[Collection entries]
-------------------------

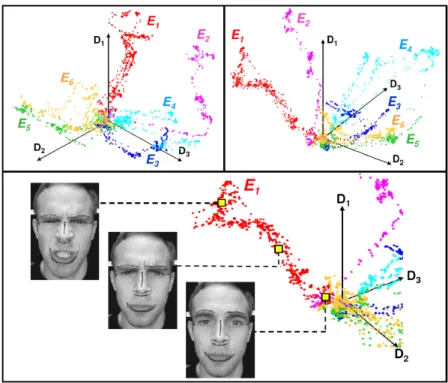 Figure 1: Haut: deux vues de la distribution du corpus dans l'espace d'apparence (seulement les trois premières dimensions sont représentées)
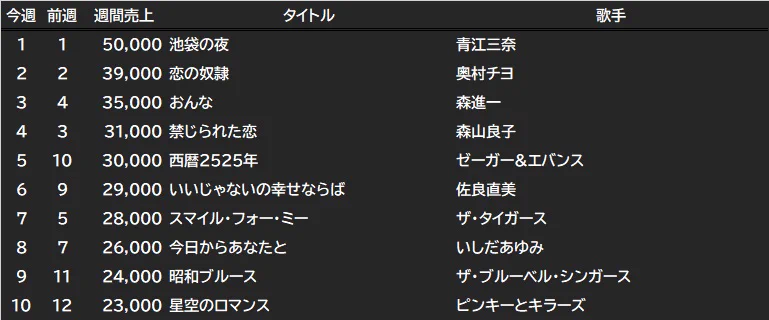 MS-DATABASE on X: 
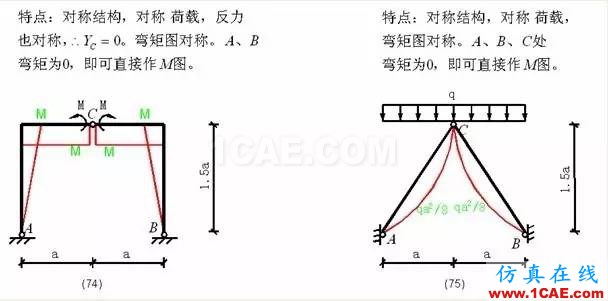 【行業知識】各種結構彎矩圖(二)Midas Civil仿真分析圖片15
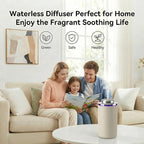Waterless Essential Oil Diffuser, Scent Air Machine for Car/Home, Up to 500 sq.ft, Waterless Portable Aromatherapy Diffuser with 15mL Capacity, Car & Home Dual Mode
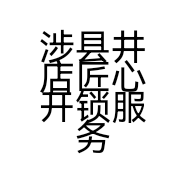涉县井店匠心开锁服务部的小店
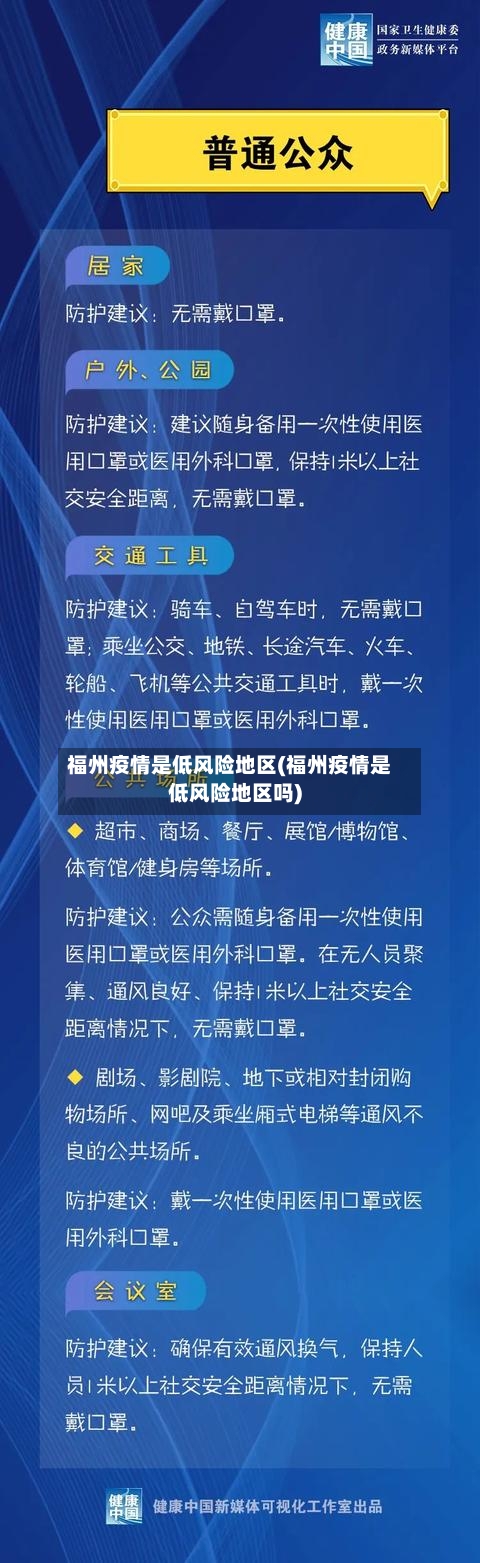 福州疫情是低风险地区(福州疫情是低风险地区吗)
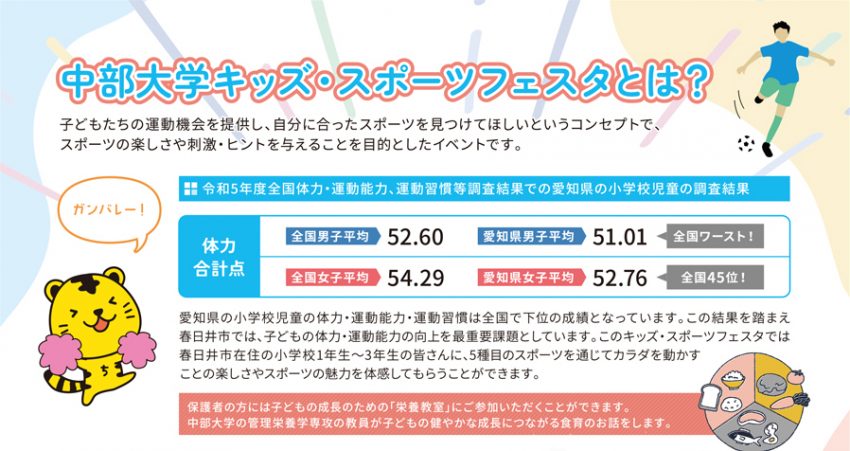 中部大学 キッズ・スポーツフェスタ 2024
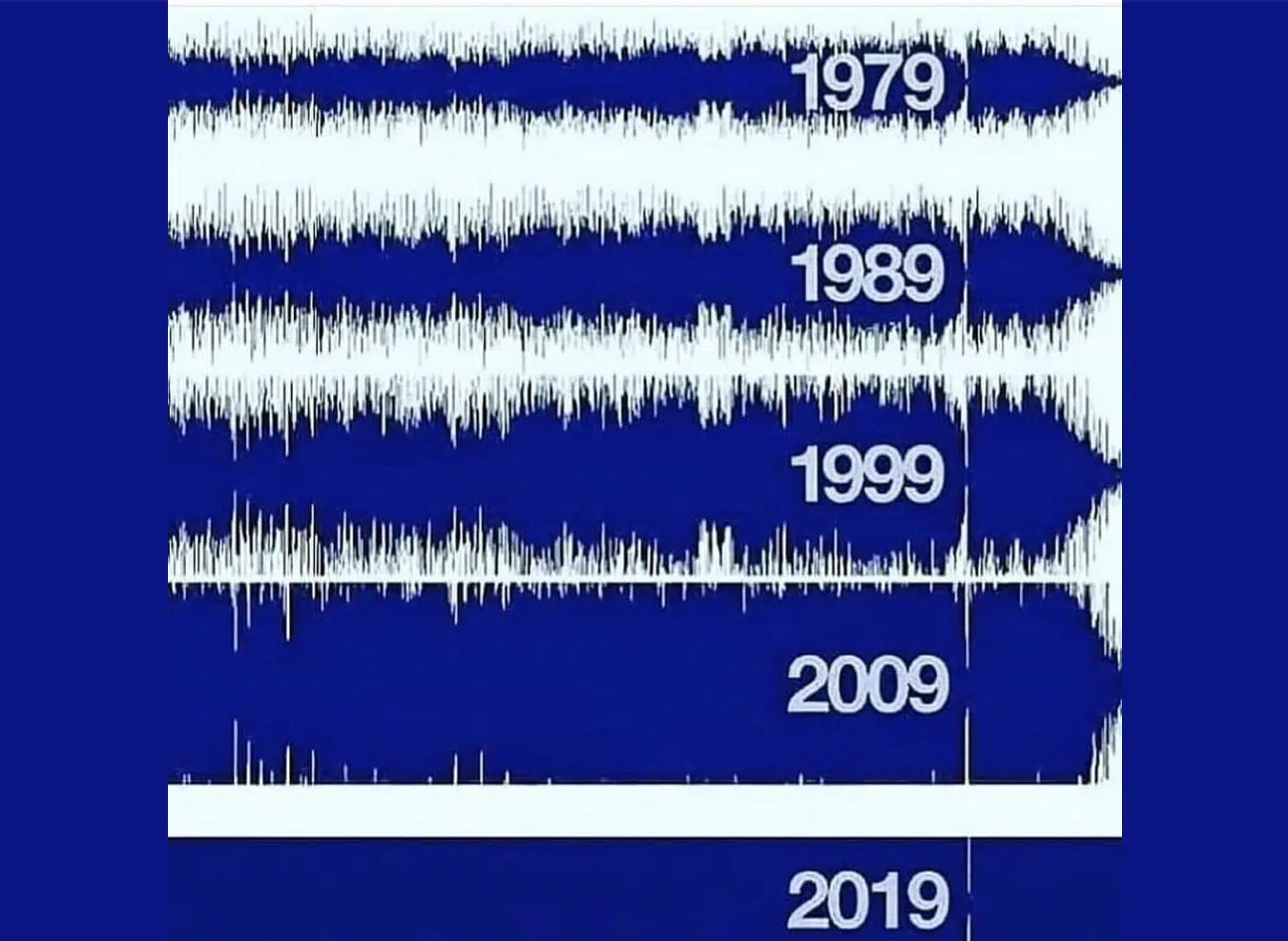 Loudness War 2 - Unison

-------------------------

[What the exercise asks] Copy all the records above exactly, but leave out the pictures.

[Result below]
 Figure 1: Haut: deux vues de la distribution du corpus dans l'espace d'apparence (seulement les trois premières dimensions sont représentées)
 MS-DATABASE on X: 
 【行業知識】各種結構彎矩圖(二)Midas Civil仿真分析圖片15
Waterless Essential Oil Diffuser, Scent Air Machine for Car/Home, Up to 500 sq.ft, Waterless Portable Aromatherapy Diffuser with 15mL Capacity, Car & Home Dual Mode
涉县井店匠心开锁服务部的小店
 福州疫情是低风险地区(福州疫情是低风险地区吗)
 中部大学 キッズ・スポーツフェスタ 2024
 Loudness War 2 - Unison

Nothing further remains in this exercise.